Turkish intelligence eliminated Özgür Şoreş, the Türkiye officer of terrorist group PKK/KCK-YPS, codenamed Özgür Alparslan, with an operation in northern Iraq, security sources said Saturday.
Şoreş, responsible for the terrorist group's activities in Türkiye since 2019, was also the founder of Children of Fire initiative responsible for numerous forest fires and sabotages in Türkiye, and had personally given the order for the forest fires that started in Antalya's Manavgat on July 28, 2021 and caused the destruction of over 150,000 hectares of forest fields across Muğla, Mersin and Hatay.
National Intelligence Agency (MIT) had been following Şoreş in Iraq where he received an order from Murat Karayılan, the PKK's de-facto leader, and was in search of a new terror attack in Türkiye. MIT killed him alongside a group of terrorists he was trying to get into Türkiye for the attack.
Operating as the Türkiye officer of PKK/KCK-YPS, Şoreş joined the rural staff of the organization in 2008, after serving as the youth spokesperson for the PKK/KCK terrorist organization in Istanbul between 2006 and 2008. He moved to Iraq in 2008.
As of 2015, he was responsible for the transfer of weapons, ammunition and bomb assemblies to the members of the organization via Syria and also organized the YPS actions in the metropolises.
After 2019, he became the PKK/KCK-YPS Türkiye Officer. He personally followed the forest fires in Mersin and Hatay in 2021. As of 2022, he passed through the Iraq's Gare region and led the Children of Fire initiative from there.
Şoreş was in the green category on the wanted list for terrorism.
The Children of Fire initiative founded by Şoreş has been responsible for sabotages and forest fires in Türkiye for almost four decades, taking their directives from the PKK terrorist group.
The group has turned to "environmental terrorism" much more frequently in recent years after focusing on such acts of attacks and sabotages in 1990s and 2000s from time to time, according to a report by Foundation for Political, Economic and Social Research (SETA).

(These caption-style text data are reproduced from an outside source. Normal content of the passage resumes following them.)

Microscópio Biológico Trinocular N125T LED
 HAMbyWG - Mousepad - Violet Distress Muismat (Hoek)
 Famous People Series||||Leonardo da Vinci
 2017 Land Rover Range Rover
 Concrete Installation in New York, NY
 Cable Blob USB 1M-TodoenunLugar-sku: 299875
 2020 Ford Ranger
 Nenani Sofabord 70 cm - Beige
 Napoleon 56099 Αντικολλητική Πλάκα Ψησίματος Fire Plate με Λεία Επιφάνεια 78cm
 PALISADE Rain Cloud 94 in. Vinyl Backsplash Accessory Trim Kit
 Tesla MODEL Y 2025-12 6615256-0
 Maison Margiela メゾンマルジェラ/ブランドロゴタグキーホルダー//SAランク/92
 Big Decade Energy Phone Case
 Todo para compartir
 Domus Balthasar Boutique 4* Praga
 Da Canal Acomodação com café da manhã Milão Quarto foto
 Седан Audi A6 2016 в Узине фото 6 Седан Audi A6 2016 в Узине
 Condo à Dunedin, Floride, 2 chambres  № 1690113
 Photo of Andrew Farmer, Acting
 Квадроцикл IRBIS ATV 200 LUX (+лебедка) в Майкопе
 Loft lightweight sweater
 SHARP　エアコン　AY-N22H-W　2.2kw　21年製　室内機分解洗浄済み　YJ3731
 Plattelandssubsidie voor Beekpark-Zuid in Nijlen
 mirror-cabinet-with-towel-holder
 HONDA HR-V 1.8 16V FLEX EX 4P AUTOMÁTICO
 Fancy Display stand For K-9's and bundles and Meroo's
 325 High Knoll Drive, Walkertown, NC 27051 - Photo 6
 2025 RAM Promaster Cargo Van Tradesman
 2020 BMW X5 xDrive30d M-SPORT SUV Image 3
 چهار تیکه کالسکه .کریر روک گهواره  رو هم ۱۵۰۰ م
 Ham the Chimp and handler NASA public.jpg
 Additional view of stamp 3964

The report, analyzing acts of "environmental terrorism" and PKK's forest fire sabotages, details how the terrorist organization has turned to forest fires to hurt Türkiye's economy as it actively tried to scare away tourists while also trying to shift the blame onto the Turkish government. The forest fires started by PKK have been largely ignored by the international media, notes the report.
The PKK – listed as a terrorist organization by Türkiye, the United States, the United Kingdom and the European Union – is responsible for over 40,000 civilian and security personnel deaths in Türkiye during an almost four-decadelong campaign of terror and Türkiye has been conducting military operations in northern Iraq since 2019, with both ground and air forces, to battle the organization.
In the last few years, the operations intensifying in northern Iraq have demolished terrorist lairs in Metina, Avashin-Basyan, Zap and Gara. After eradicating the group's influence in these regions, Türkiye also aims to clear Qandil, Sinjar and Makhmour.
Its military involvement in northern Iraq dates back over two decades, separately from its operations against the PKK, included also the war against the Daesh terrorist group, which controlled much of the area, in 2014 and 2015, when Ankara was an ally in the U.S.-led anti-Daesh campaign.